La mujer se acercó al Bachiller y le dio un beso.

—Ya no me queda nada. Tus primos murieron en Aragón. También Enric. Y de Anna no he sabido nada después de que él muriera. Por lo visto, desapareció en Teruel. Tu tío murió en casa, al enterarse de sus muertes, como bien sabes. Debería bajar un día a Sant Feliu, a Roses, como lo llaman ahora, a ver a mi hermana, pero lo haré cuando pase todo esto. Mientras tanto, estoy mejor en casa.

El Bachiller se giró hacia Miquel. «Vamos», le dijo con la mirada. El joven soldado cogió el fusil y se despidió de la mujer sin decir nada. Tenía la boca llena. Al salir, vio que el Bachiller abrazaba a su tía. Ya no se volverían a ver.

—¿Por qué a tu padre le llaman Tomate? —dijo Miquel, mientras ofrecía a su compañero un trozo de tocino.

El Bachiller, a su lado, se lo quedó mirando y rehusó el ofrecimiento. Tenía el estómago revuelto. La chaqueta le había ayudado a entrar algo en calor, pero estaba agotado. Aunque no podía parecer débil. En realidad, nunca había podido dejar ver su debilidad; además, eso era lo que le faltaba a aquel chico para morirse de miedo, a pesar de que ahora parecía mucho más tranquilo.

—Le gustaban mucho los tomates, y ya sabes cómo son en los pueblos.

Los dos seguían un pequeño camino que casi no se distinguía en medio de aquella fría oscuridad. Al cabo de pocos minutos, llegaron a una bifurcación y giraron a la derecha. El hijo del Tomate conocía bien aquellos caminos.

—¿No será para arriba?

—No. Por allí se va a Can Sala de Dalt. Es otra masía. Es por aquí. Vamos. Pronto se hará de día. Debemos estar a cubierto antes de que los aviones sobrevuelen los caminos.

Miquel cerró los ojos cuando los primeros rayos de sol llegaron a su cara atravesando aquel bosque frondoso de pinos entrecruzados. En aquel momento, todavía con la boca llena de tocino, parecía que la guerra ya había acabado. Pero no era así. De hecho, aquella mañana, la del 24 de enero de 1939, las tropas franquistas se preparaban para atravesar el río Llobregat, el gran obstáculo antes de llegar a la ciudad de Barcelona.
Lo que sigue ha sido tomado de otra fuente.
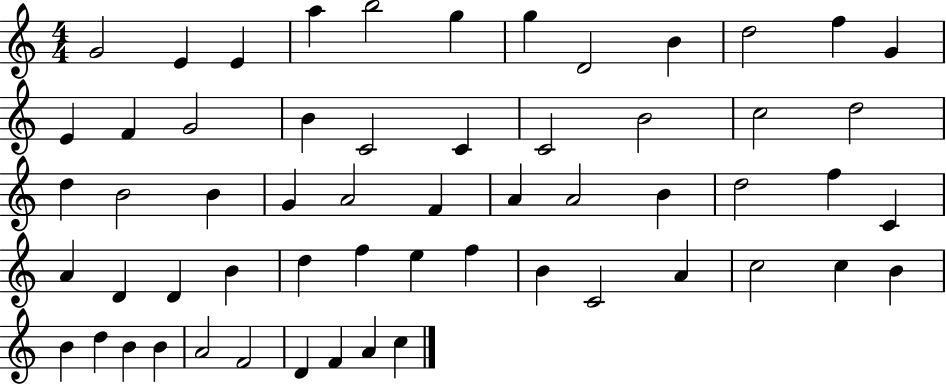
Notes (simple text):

G4/h E4/q E4/q A5/q B5/h G5/q G5/q D4/h B4/q D5/h F5/q G4/q E4/q F4/q G4/h B4/q C4/h C4/q C4/h B4/h C5/h D5/h D5/q B4/h B4/q G4/q A4/h F4/q A4/q A4/h B4/q D5/h F5/q C4/q A4/q D4/q D4/q B4/q D5/q F5/q E5/q F5/q B4/q C4/h A4/q C5/h C5/q B4/q B4/q D5/q B4/q B4/q A4/h F4/h D4/q F4/q A4/q C5/q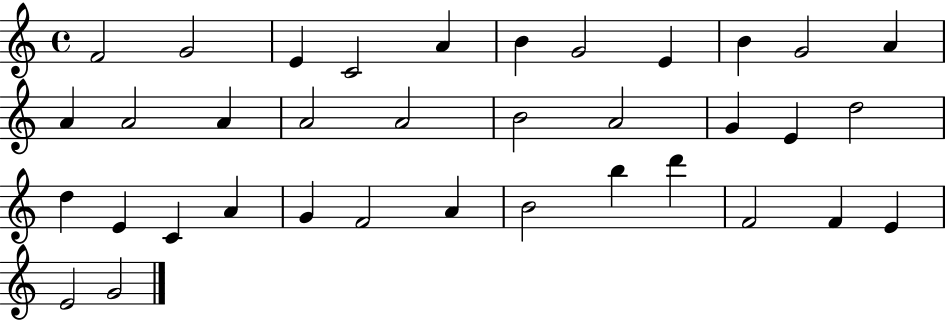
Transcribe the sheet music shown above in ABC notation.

X:1
T:Untitled
M:4/4
L:1/4
K:C
F2 G2 E C2 A B G2 E B G2 A A A2 A A2 A2 B2 A2 G E d2 d E C A G F2 A B2 b d' F2 F E E2 G2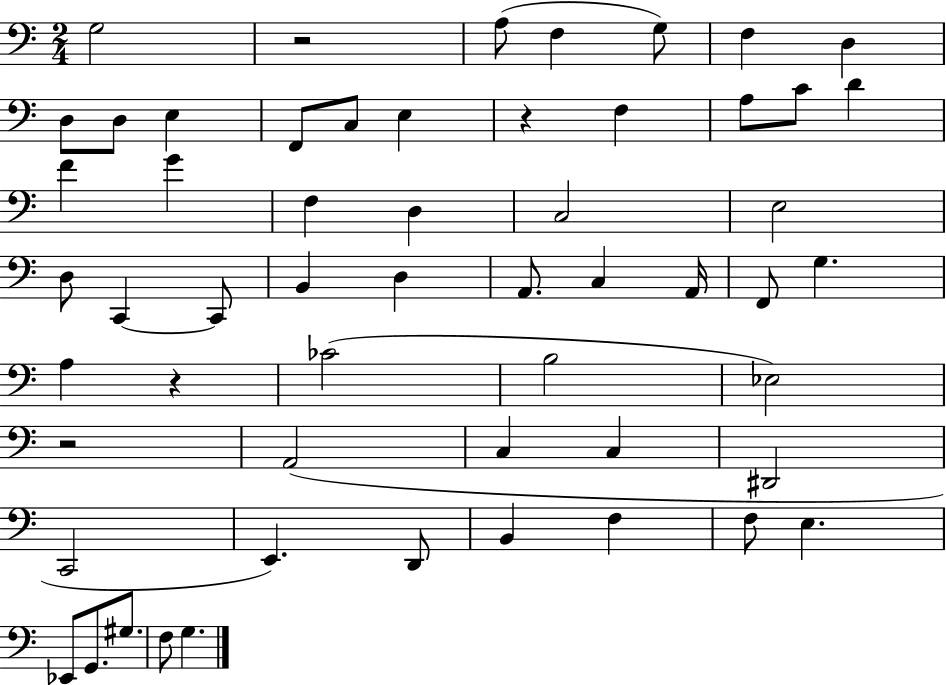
X:1
T:Untitled
M:2/4
L:1/4
K:C
G,2 z2 A,/2 F, G,/2 F, D, D,/2 D,/2 E, F,,/2 C,/2 E, z F, A,/2 C/2 D F G F, D, C,2 E,2 D,/2 C,, C,,/2 B,, D, A,,/2 C, A,,/4 F,,/2 G, A, z _C2 B,2 _E,2 z2 A,,2 C, C, ^D,,2 C,,2 E,, D,,/2 B,, F, F,/2 E, _E,,/2 G,,/2 ^G,/2 F,/2 G,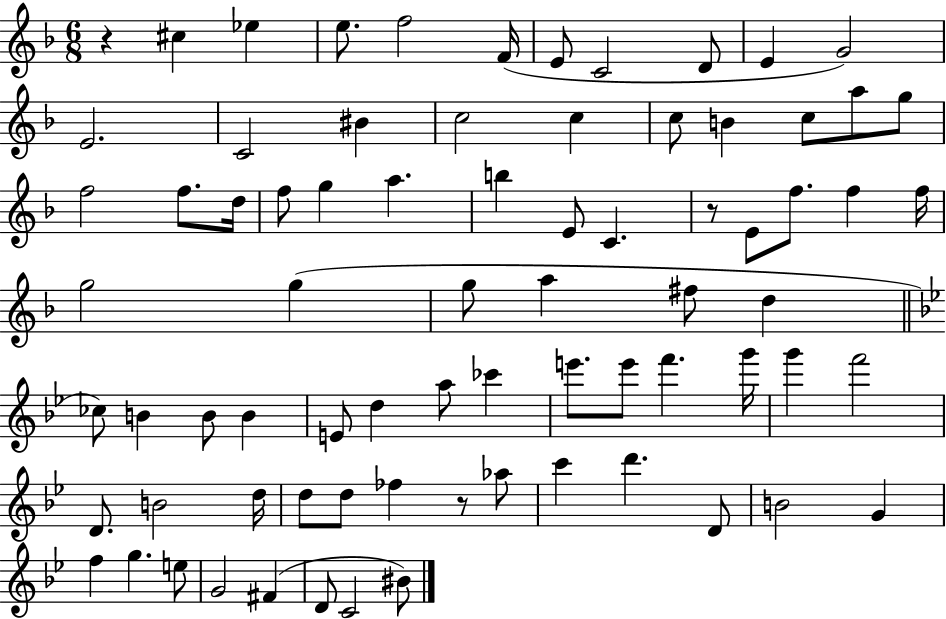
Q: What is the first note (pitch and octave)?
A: C#5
El general Dávila, jefe del Ejército del Norte, había dejado claro cómo sería el avance del Cuerpo del Ejército de Navarra y del Cuerpo del Ejército Marroquí.

El de Navarra avanzaría desde la población de Martorell hasta las de Rubí y Sant Cugat para preparar el ataque sobre Barcelona, desde la montaña sobre la que se apoya la ciudad y que queda a su espalda, el Tibidabo. Mientras tanto, el Cuerpo del Ejército Marroquí ocuparía Molins, Sant Feliu de Llobregat, por aquel entonces Roses, y Cornellà, para construir un puente hasta El Prat y enfrentarse al enemigo en Esplugues de Llobregat y en L’Hospitalet, la última ciudad antes de Barcelona. La artillería se trasladaría de Martorell hasta Sant Cugat con el apoyo de las baterías de 88 milímetros alemanas y la aviación de la Legión Cóndor. Que Barcelona cayera era solo cuestión de horas.